That’s not an entirely accurate portrayal of the position taken by Pierre Desrochers and Hiroko Shimizu in a Star editorial advertising their new book: http://www.thestar.com/opinion/editorialopinion/article/1222975--local-food-movement-leads-to-less-security. But it’s not far off, either. They tout the benefits of the global food chain: more food security because populations aren’t hit by local deviations in crop production, energy efficient shipping of produce rather than inefficient heating of greenhouses in northern climes, the improved safety checks big corporations can afford, not to mention the cheaper price.
‘If locally produced food is so good (they argue), why did it fall out of favour?’
In their world, apparently, the systems that exist are necessarily the best systems we could desire: if something falls out of favour, it must be because it was bad.
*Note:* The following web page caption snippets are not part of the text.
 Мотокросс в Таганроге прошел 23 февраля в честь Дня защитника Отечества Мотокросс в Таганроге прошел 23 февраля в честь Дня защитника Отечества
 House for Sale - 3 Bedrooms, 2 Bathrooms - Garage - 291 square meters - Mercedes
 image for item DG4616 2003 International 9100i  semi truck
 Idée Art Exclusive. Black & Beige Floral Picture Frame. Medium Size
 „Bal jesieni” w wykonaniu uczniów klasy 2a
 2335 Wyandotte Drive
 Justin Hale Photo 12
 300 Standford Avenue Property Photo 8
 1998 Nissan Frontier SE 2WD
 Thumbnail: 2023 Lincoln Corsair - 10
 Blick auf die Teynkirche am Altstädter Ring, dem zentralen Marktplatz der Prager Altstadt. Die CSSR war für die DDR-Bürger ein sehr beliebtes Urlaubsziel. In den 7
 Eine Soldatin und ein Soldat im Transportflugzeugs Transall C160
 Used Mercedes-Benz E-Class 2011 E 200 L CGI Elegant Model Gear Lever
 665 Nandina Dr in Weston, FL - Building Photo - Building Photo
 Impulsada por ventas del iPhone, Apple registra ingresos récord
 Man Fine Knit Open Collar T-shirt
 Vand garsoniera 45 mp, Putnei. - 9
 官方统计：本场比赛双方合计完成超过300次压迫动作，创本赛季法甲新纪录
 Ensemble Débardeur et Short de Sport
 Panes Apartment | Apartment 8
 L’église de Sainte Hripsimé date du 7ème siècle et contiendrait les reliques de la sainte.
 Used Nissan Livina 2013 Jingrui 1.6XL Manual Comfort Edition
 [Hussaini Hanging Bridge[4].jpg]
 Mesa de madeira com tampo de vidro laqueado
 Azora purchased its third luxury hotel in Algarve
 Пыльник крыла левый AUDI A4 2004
Their logic is flawed at best. It’s not that they’re wrong – it’s that they ignore the obvious. Few of us will ever eat entirely locally, even if we wanted to. What local food movement advocates are saying is, let’s eat more locally-produced goods and fewer imported goods. At it’s most simple, eating local can mean planting a garden: fresh veggies in the summer, and canned or cellared produce through the cold seasons. It’s hard to see how shipping a carrot from Chile is preferable to pulling it out of your own property.
Full marks for challenging popular wisdom, but every once in a while a burgeoning trend actually gets it right. Blindly eating anything labeled local isn’t always better. But eating local intelligently – growing your own, buying at local farmers markets or supporting specific farmers whose practices you know – probably is.